All the raw data generated in this project were deposited in the European Nucleotide Archive (ENA) database under study identification number PRJEB5120246. The de novo transcriptome assembly resource is available on both the ENA archive, HBZU01000000047, and the SRA archive on NCBI HBZU000000000.148. Datasets containing all files produced in this transcriptome assembly and annotation pipeline (Trinity and rnaSPAdes transcriptome assemblies, unigenes, and functional annotation files) were also deposited on figshare archive44 (links to pipeline outcomes are listed in Table 5).

Technical Validation

Quality of the raw reads and assembly validation

The overall data quality was assessed using FastQC for all samples before and after trimming. Among the FastQC results, the mean quality scores at each base position were higher than 35 (see “Image file 1” in Table 5). Validation of the transcriptome assembly was performed using three validator tools: BUSCO, DETONATE, and TransRate. The results from DETONATE and TransRate validation steps are shown in Table 2, which includes the scores obtained from the execution of the two analysis tools. BUSCO analysis was performed on four databases: Tetrapoda, Vertebrata, CVG, and Eukariota. The details of BUSCO are listed in Table 3, and some of them are plotted, like a histogram, in Fig. 2. A further validation assessment was performed by mapping the trimmed reads against the de novo assembled transcriptome of S. salamandra. The HISAT2 results showed an even higher percentage of 94% (Fig. 3), confirming the very good quality of the assembly. The final transcriptome (unigenes) obtained after CD-HIT-est included a total of 1,146,571 transcripts and an N50 of 1529 bp, with a value greater than 94% completeness for BUSCO evaluation in each queried database.

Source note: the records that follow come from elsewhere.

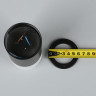 Потолочный светильник Omnilux Lucido OML-100619-01 - Потолочный светильник Omnilux Lucido OML-100619-01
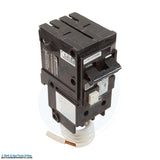 PA215GF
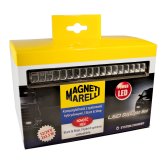 Дневные ходовые огни Magneti Marelli LAQ040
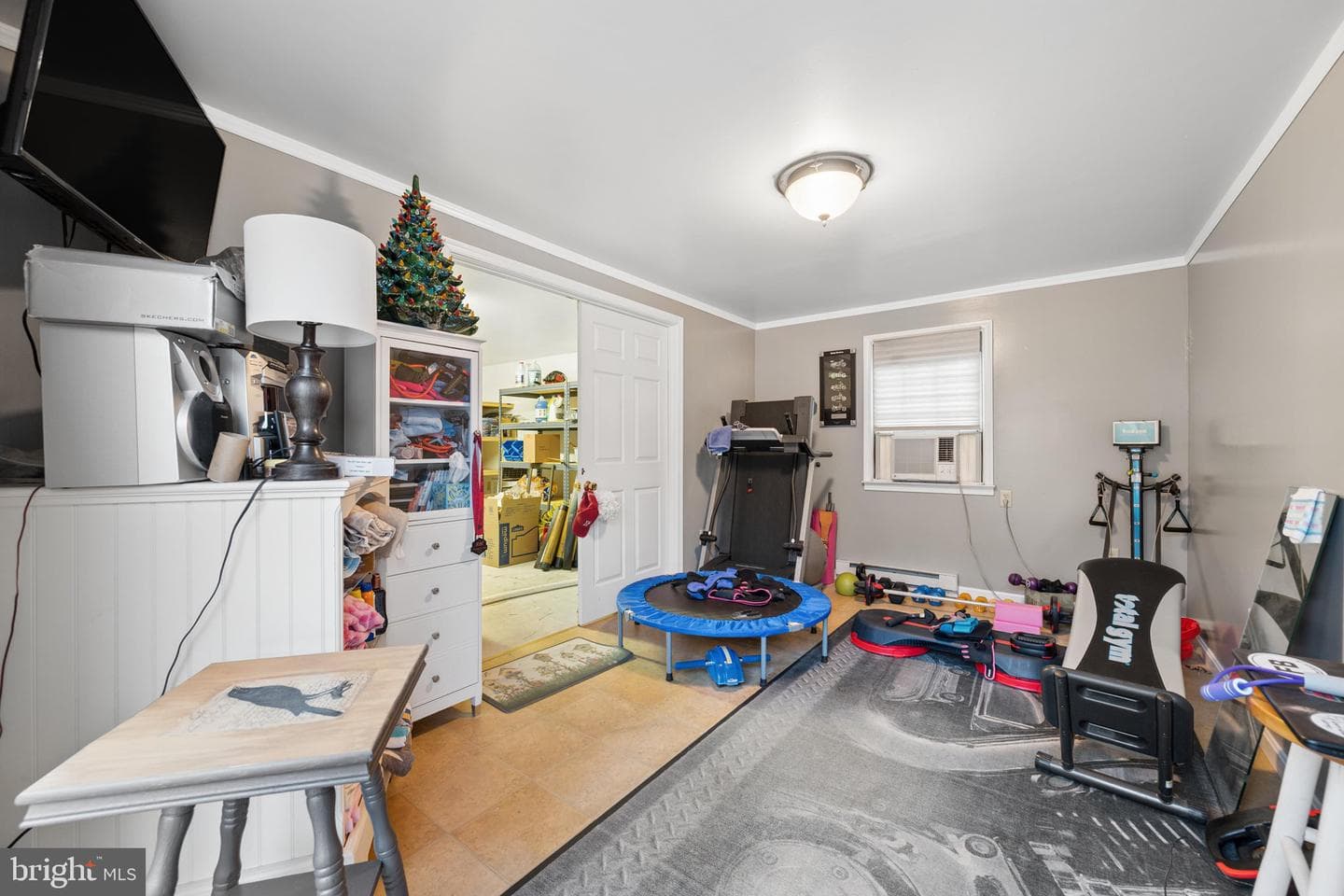 429 Chartridge Drive photo 41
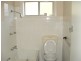 7/189 Piper Street, Bathurst NSW 2795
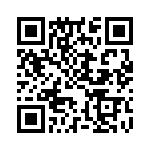 CCMR004-HXP QRCode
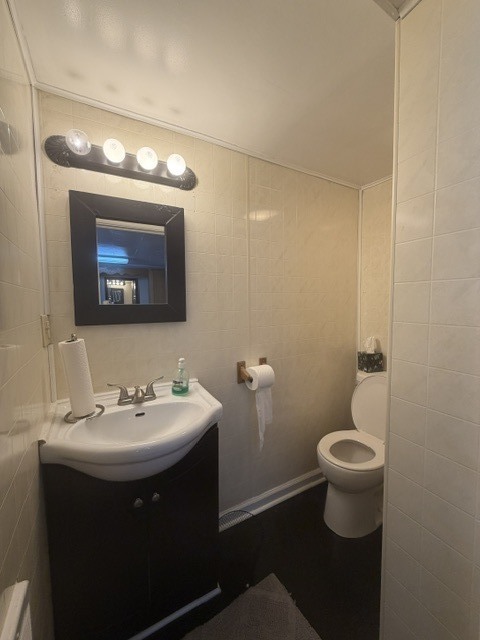 272 S Forest Avenue Property Photo 33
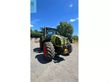 Tractor agrícola - Claas - arion 640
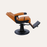 MAVERICK Barber Chair
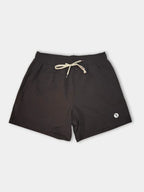 Elevate 5" Shorts - Raion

Quality control of annotation

The transcriptome was functionally annotated by performing DIAMOND and InterProScan. By selecting the best hit for each database, the annotation matrix generated with DIAMOND has led to 153,048 and 95,942 contigs, and a total of 7,547 transcripts were annotated in at least one database.

InterProScan is a tool that combines different protein signature recognition methods of the InterPro member databases into one resource. It provides as result the corresponding InterPro accession numbers and, among other accession IDs, the GO and KEGG annotation.